I have had many of these questions answered by US immigration and a US immigration lawyer lately in regards to my Mexican National wife. Although we were recently married in Mexico and she works and has a Mexican passport with a 10 year "Border Crosser" visa imbedded into her new Mexican passport by the US consul in Guadalajara were documents about her job, bank accounts and property were needed, she and I cross by car to the US every 6 or so weeks. To go past our place in San Diego she needs to get a 180 day B-2 visa {border free zone}. The people without her ¨Frequent Border crosser" visa and only crossing to the US with a Mexican Passport are scrutinized by US immigration for about 30 minuttes as we are in the same office getting a 180 visa. THIS HAS BEEN FOR ABOUT 3 YEARS AND a few times. Waiting in line I would estimate 60% of those trying to get into the US without a FBC visa in thier passport are rejected.
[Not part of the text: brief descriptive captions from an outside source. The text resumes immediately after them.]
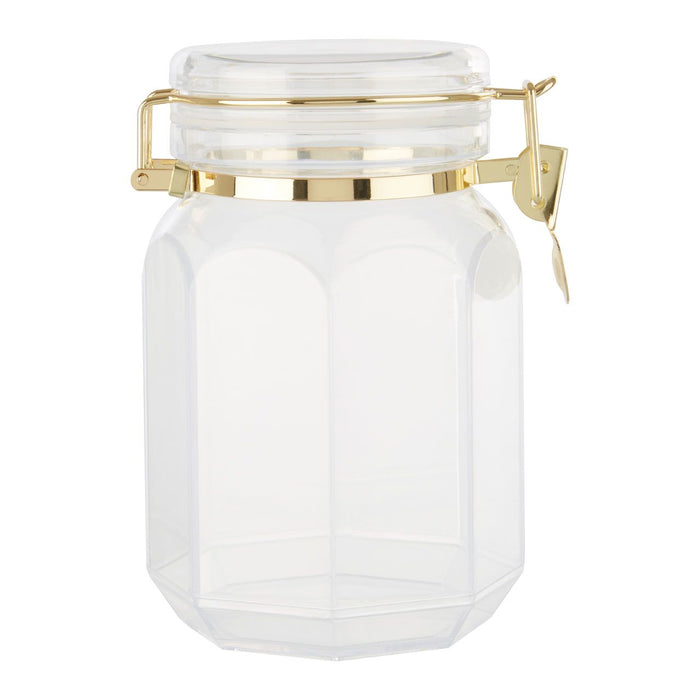 Geometric Large Clear Gold Metallic Canister
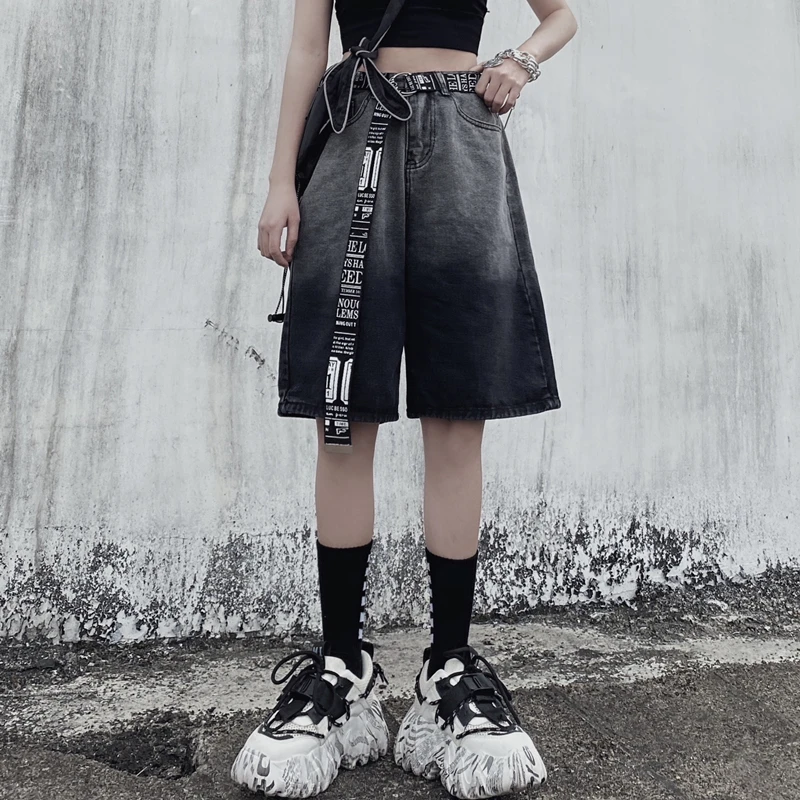 Женские синие джинсовые брюки свободные шорты с завышенной талией градиентной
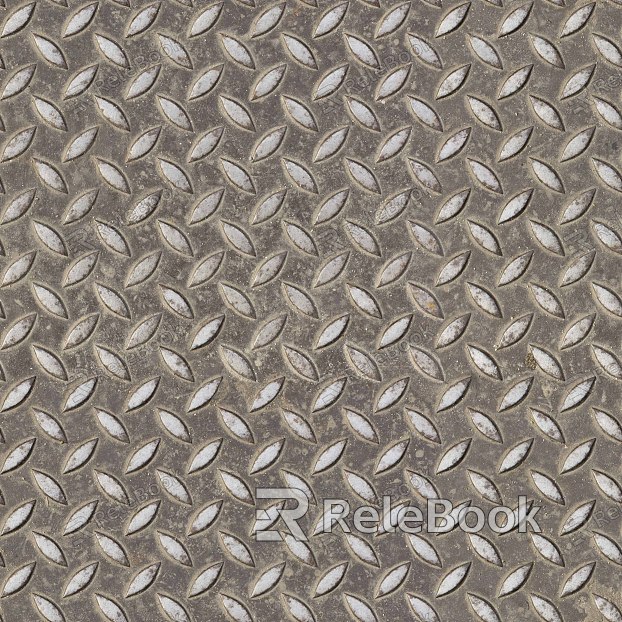 Section of diamond plate metal, characterized by its distinctive raised diamond pattern on the surface, providing enhanced grip and durability. Commonly used in industrial settings for flooring and toolboxes.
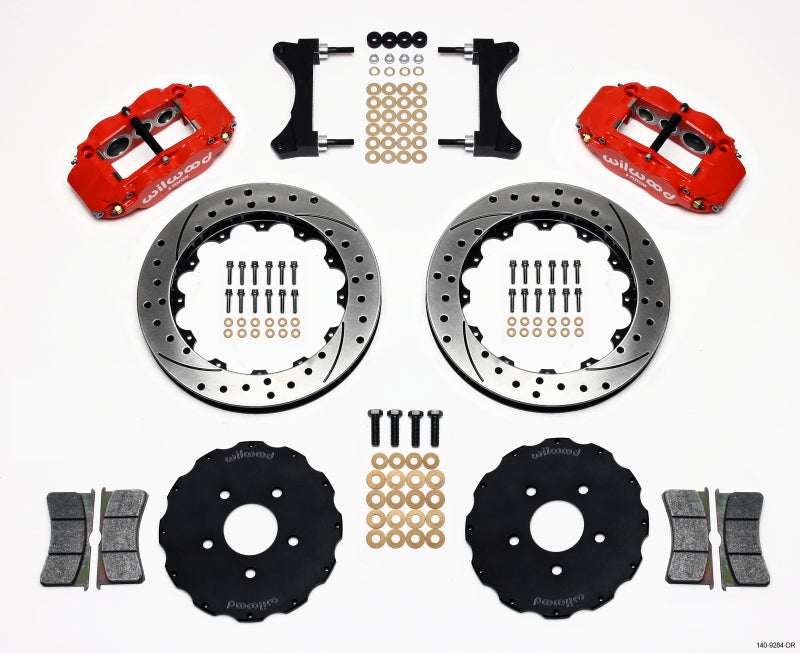 Evo 789 - Wilwood - Narrow Superlite 6R Front Hat Kit 13.06in Drilled Red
Everytime we cross whether she needs a B-2 visa or not we always say my wife or she says my husband and they don´t seem to care at all about where, when or why we are married, only will she leave the US and go back to work in Mexico when the 180 day B-2 is up or sooner.

To get a "Frequent Crosser Visa" is getting harder and harder if you are not a Mexican National that is middle class and have a good job for years and own some property, but it is not impossible I have heard. Renewing after 10 years you still need to bring those documents to prove you live in Mexico and will return and have no criminal record etc. and my wife has had these visas for 40 or more years now.


----------